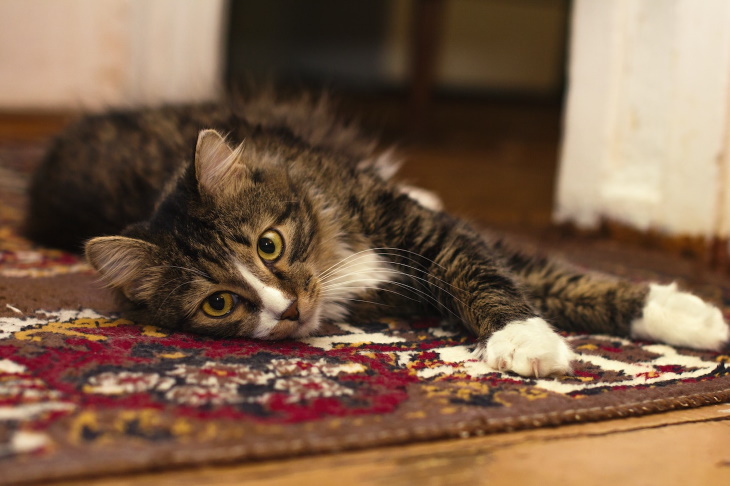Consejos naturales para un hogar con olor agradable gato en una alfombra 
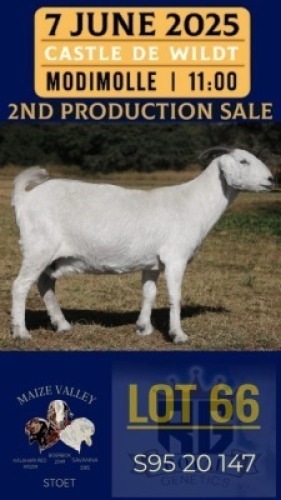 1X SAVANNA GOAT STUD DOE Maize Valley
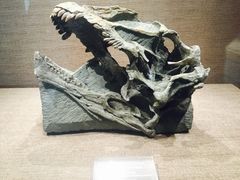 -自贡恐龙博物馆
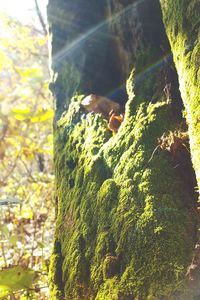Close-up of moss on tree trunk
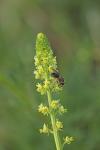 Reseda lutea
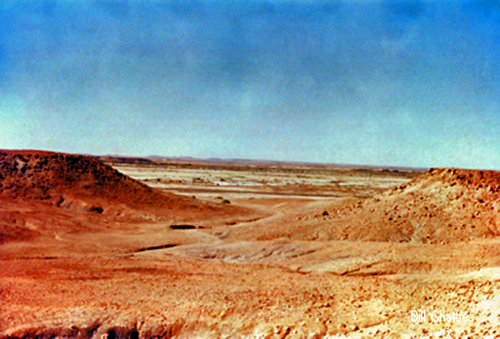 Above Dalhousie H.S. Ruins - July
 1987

──────

▸ **TASK INSTRUCTIONS**
With the pictures excluded, the line containing "1X SAVANNA GOAT STUD DOE Maize Valley" and every line after it through the end of the data above are to be transcribed exactly, and nothing more.

▸ **RESPONSE BELOW**
 1X SAVANNA GOAT STUD DOE Maize Valley
 -自贡恐龙博物馆
Close-up of moss on tree trunk
 Reseda lutea
 Above Dalhousie H.S. Ruins - July
 1987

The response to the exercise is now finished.